I am starting this series of basic sound production with /b/ because it is one of the only sounds that Jake can say on a consistent basis. Maybe having a few hundred boo-boos and also having a houseful of bubbas gave him extra practice at saying this sound. At this point in speech therapy, he has mastered most of the /b/ words. At home he can always imitate words with this sound and sometimes he will even use them in spontaneous conversation.
When I first started researching speech therapy for apraxia kids, I often felt myself drowning in a sea of technical terms and explanations. Two acronyms that I frequently ran across were CV and CVC. Obviously if you are a speech therapist, these letters mean something to you, but for me, they only made that little wrinkle in between my eyes furrow a bit with confusion.
A few hours of internet surfing later, I learned that a CV word is one that only has a consonant and vowel sound in it. For example: bay. Additionally, CVC words are consonant-vowel-consonant combinations. For example: bite.

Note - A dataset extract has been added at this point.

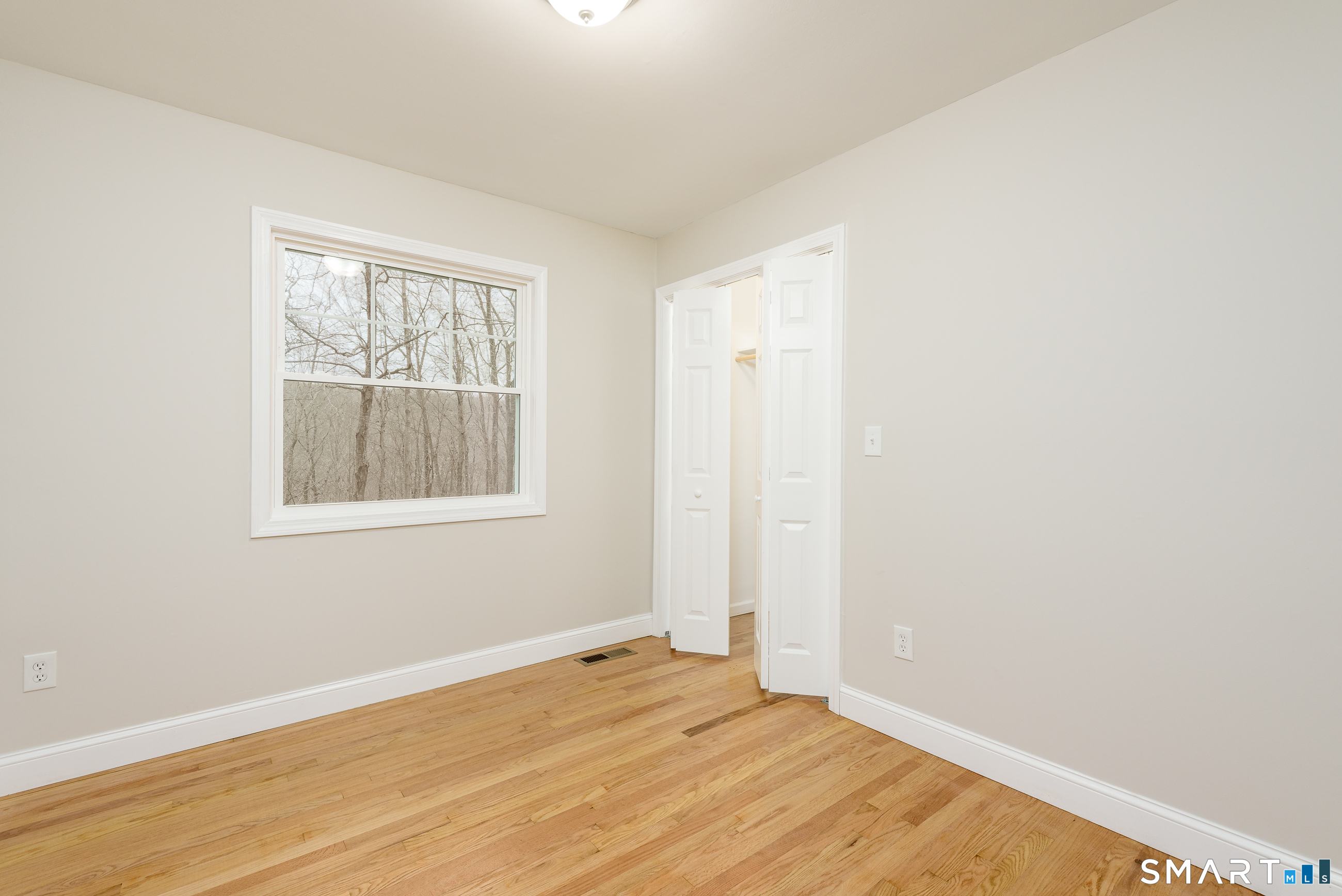 18 Alexander Road East Haddam, CT 06415 - Photo 20 of 34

The following are a few CV /b/ words that Jake continues to practice at speech therapy: bay, B, boo, bye, ball, bee, and bow. Usually he does these words at the beginning of the session. I am a fan of starting speech therapy with the easier words in order to warm up and build confidence, and then progressing to the more difficult words. Examples of more complicated CVC /b/ words that he is practicing are: boat, bone, boot, ball, and bean.
Jake’s SLP uses both the Kaufman Speech Praxis Workout Book and Kaufman cards to drill these words. After ten weeks of Kaufman therapy, his progress has been phenomenal.